How Source’s DefraDB Uses Content-Addressable Data to Make Edge-First Development More Efficient, Secure, and Dynamic

11 min read

Addo Smajic avatar

Addo Smajic

Oct 28, 2025

How Source’s DefraDB Uses Content-Addressable Data to Make Edge-First Development More Efficient, Secure, and Dynamic

If you've built software with MongoDB, Postgres, or Firebase, you know the pattern: your application talks to a database server. That server is the source of truth. When users need data, they request it from that server. When they update data, they send it to that server.

This works fine when you control the infrastructure. But at the edge, this pattern breaks down completely.

Edge-first software runs on devices you don't control. Phones. Laptops. IoT sensors. Autonomous vehicles. Users go offline. Networks partition. Devices sync peer-to-peer. There's no central server to be the source of truth.

Traditional databases weren't built for this. DefraDB was.

The foundation is content-addressable data. It's an elegant inversion of how databases typically work, and once you understand it, you'll see why edge-first development becomes not just possible, but surprisingly straightforward.

What is Content-Addressable Data?

Traditional databases use location-based addressing. You request data by specifying where it lives. A table name. A collection. A document ID. The database server at that location returns the data.

Here's the problem: at the edge, location is meaningless.

Content-addressable data solves this with a clever trick: instead of asking "where is this data?" you ask "what is this data?"

Data gets identified by its content. A cryptographic hash of the data becomes its unique identifier. Change even one bit of the data, you get a completely different identifier.

These identifiers are called Content Identifiers (CIDs). A CID is generated using a hash function over the input data. The result is a collision-resistant identifier for any piece of data.
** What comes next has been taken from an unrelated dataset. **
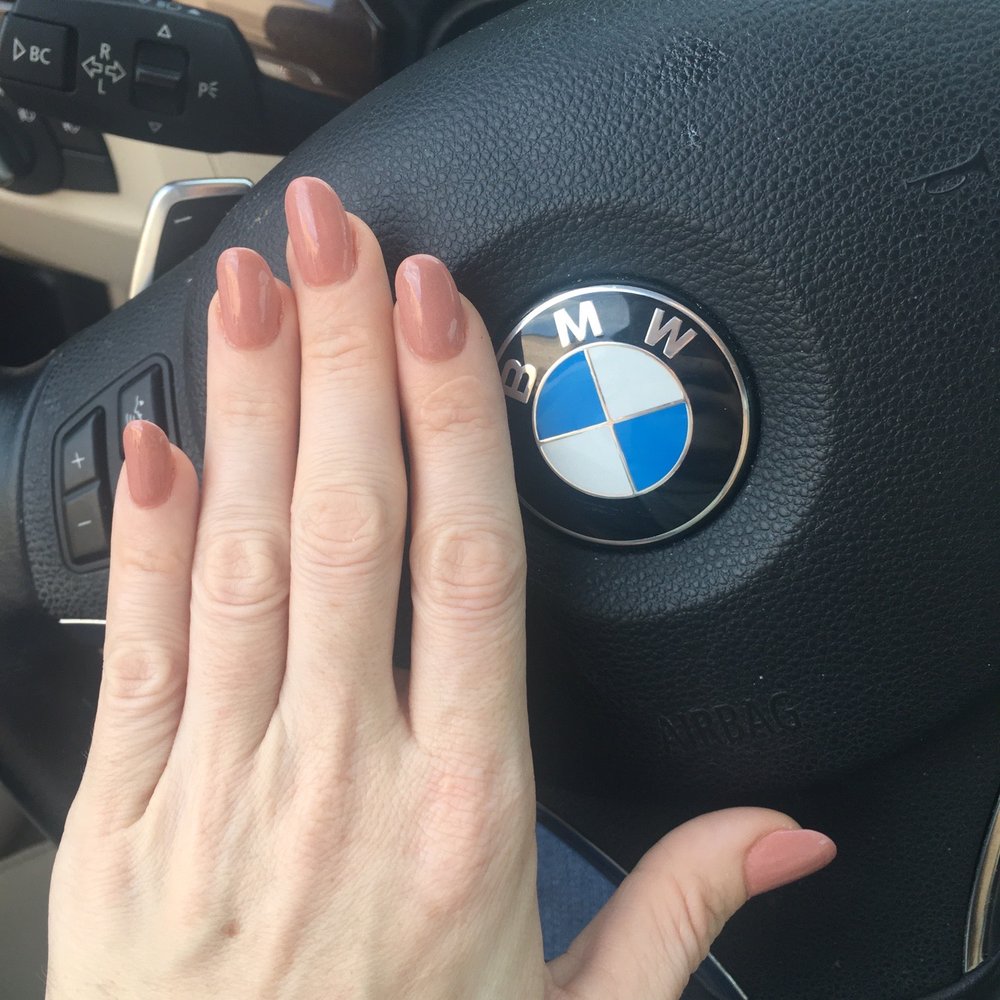 Flawlessly done natural nail dip by Yen Flawlessly done natural nail dip by Yen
To retrieve data, you provide the CID. Any node on the network that has the data can return it. You verify what you received by hashing it and comparing it to the CID you requested. Perfect match means you got exactly what you asked for.

This is fundamentally different from how REST APIs or database connections work. With HTTP, you connect to a specific server at a specific URL. With DefraDB, Source's distributed database, you connect to a network that finds the data for you. Location doesn't matter. A node running on AWS is treated the same as a node running on a user's phone.

The beauty of this approach: the identifier itself proves correctness. You don't need to trust anyone. The math guarantees it.

If you've ever dealt with cache invalidation, eventual consistency, or conflict resolution in distributed systems, you know how gnarly these problems get. Content-addressable data eliminates entire classes of these problems because verification is built into the addressing scheme itself.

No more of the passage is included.